Me sigo preguntando por la psicología. ¿Qué nos lleva a preguntarnos por nosotros mismos? ¿Hasta qué punto la idea es seguir moviéndonos en este espectro tan narcisista? La psicología busca permanentemente encontrarnos in fraganti . Al psicólogo le interesaría ponerle una lupa a las personas en el centro mismo del cerebro, allí donde nace el lenguaje. Y las teorías, los modelos, los esquemas intentan enmarcar lo inmarcable, penetrar lo impenetrable, pensar lo impensable. Y permanentemente somos revolcados por la ola de lo que es allí donde intentamos perseguir cosas que de algún modo u otro no pueden ser. Es lamentable, realmente lamentable. Pero Bertolt Brecht nos salva. De algún modo cualquier pieza de literatura nos relaja, nos descansa y nos permite decir que los psicólogos estudian lo que hay allí y que no es más que un silencio de redonda con un calderón y una repetición ad infinitum. Ví esa imagen en un libro de Deleuze, Derrames es su nombre. En cada conferencia, Deleuze muestra y redemuestra que no tenemos forma de pensarnos a nosotros mismos, que toda búsqueda es tan útil como inútil. Eso nos vuelve un poco loquitos: hay mucha inconsistencia en nuestro estudio. Y por ahora no encontramos nuevos resultados.

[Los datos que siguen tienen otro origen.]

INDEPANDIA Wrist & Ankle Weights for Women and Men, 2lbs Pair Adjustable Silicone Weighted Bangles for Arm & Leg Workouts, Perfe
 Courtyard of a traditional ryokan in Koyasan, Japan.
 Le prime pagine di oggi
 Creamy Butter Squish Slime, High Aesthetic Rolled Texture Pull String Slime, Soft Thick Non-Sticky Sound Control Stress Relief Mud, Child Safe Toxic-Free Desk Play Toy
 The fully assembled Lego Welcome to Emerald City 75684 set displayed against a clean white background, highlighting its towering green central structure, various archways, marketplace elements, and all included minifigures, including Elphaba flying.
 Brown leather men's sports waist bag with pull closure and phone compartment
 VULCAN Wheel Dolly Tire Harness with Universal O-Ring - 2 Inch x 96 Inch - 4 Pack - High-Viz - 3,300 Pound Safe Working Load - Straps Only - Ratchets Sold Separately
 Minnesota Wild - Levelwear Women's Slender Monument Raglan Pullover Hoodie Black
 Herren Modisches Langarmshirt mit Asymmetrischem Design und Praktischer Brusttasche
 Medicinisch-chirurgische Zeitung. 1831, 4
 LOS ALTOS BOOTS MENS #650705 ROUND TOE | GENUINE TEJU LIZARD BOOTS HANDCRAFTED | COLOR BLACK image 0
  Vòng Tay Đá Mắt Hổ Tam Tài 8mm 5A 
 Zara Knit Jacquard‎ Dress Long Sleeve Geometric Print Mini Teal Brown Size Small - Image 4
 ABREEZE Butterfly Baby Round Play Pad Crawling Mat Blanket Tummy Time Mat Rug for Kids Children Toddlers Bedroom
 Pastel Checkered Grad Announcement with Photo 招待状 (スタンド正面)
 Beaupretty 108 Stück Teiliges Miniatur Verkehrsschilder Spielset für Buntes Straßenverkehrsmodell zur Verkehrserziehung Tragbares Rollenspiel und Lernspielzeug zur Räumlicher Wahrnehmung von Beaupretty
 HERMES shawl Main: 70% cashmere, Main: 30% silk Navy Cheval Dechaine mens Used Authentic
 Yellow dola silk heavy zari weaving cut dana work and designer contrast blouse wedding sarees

Monday, December 12, 2005 

creación rejtman ornelliana


Me sigo preguntando qué endemoniado bicho nos lleva a producir todo el tiempo, a necesitar de la creación para existir. Es un tema apasionante que me conduce directamente a intentar saber de qué hablamos cuando hablamos en rejtmaniano, en lacaniano, etcétera. ¿De qué se tratan estas vidas dedicadas? Rejtman escribe en Ornella, un cuento buenísimo, toda su inquietud en relación con un nuevo concepto de local de ventas y servicios para Palermo Viejo. Todo el espectáculo en uno, un concepto maravilloso all in one que pega en Australia por lo menos por un tiempo. Y así, de ese modo, uno encuentra el tema importante de la historia, que de algún modo nunca deja de referirse a un perro, a una perra, a lo que sea. Entonces, este mundo de ovejeros alemanes es el que motivó todo, el que llevó a la creación, y a su vez es el final, es el resultado. Creación para existir, vuelvo a decir, rejtcreación, creaciónman. Y así por lo menos intentamos que el mundo gire: yo no he visto nunca girar al mundo. Los únicos que podemos pensar eso somos los seres humanos, los seres parlantes. Y eso que nunca me he sentido parlante. Tipifico las cosas que acabo de decir con una conclusión temporaria: los libros matan, la música nos sumerge en la vida. Son dos mundos que se yuxtaponen y que se interpenetran.